You Could Snoop Around, But Should You?
By MsDior on June 18, 2014
Featured Member Post
We are all naturally curious people but sometimes, that curiosity can get in the way. Curiosity, they say, can kill a cat, and it may also kill your relationship.
When curiosity begins to creep into your relationship, you may get that itch to snoop on your significant other by looking through his/her phone. But is that itch to snoop a necessary precaution or unnecessary paranoia? Whether you choose to believe it or not, snooping is a bit of a trust breaker and, as we all know, once trust has been broken it can be a pretty difficult task to re-establish it in a relationship.
Before you pick up that phone or rummage through your lover's things, decide where the line is between sensible information and suspicious diving actions. If you get a gut feeling that something just isn’t right, that your boo is lying to you, something may be going on behind your back; 8 times out of 10, your gut instinct is right. The best thing to do is pay closer attention. You know how they operate. You know when there is a change in personality and a change in their communication with you.
Image: Mark Roy via Flickr
News flash....when you snoop you WILL find something. After all, the reason you are snooping is because you are looking for something….right?? Keep in mind, though, that text messages can be blown way out of proportion. That’s the down side of texting-- you never know the tone behind the message. So when you go snooping, you can easily misinterpret something and that misinterpretation can lead to unnecessary drama, simply because you read too deeply into something that was actually very innocent.

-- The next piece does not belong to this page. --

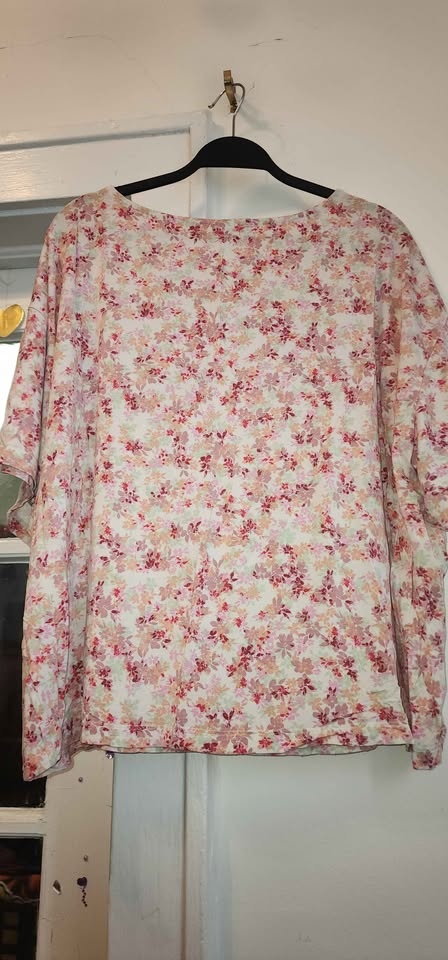 Women's Old Navy Floral sleep shirt - photo 2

Here’s an idea: if you notice any changes, if your lover is doing something that is bothering you or you are curious about the change in normal actions (even towards you), mention it. You have to communicate and communicate effectively. Talk things through instead of snooping and possibly damaging your relationship beyond repair.
There is a thin line between privacy and keeping secrets. If for any reason, curiosity about your S/O's actions begins to overtake you, and snooping has crossed your mind, ask yourself a few questions:
- What will snooping accomplish?
- Are you willing to possibly damage your relationship?
- Are you willing to take the risk of losing your boo’s trust by snooping, when you could have addressed your curiosity, simply by having a conversation?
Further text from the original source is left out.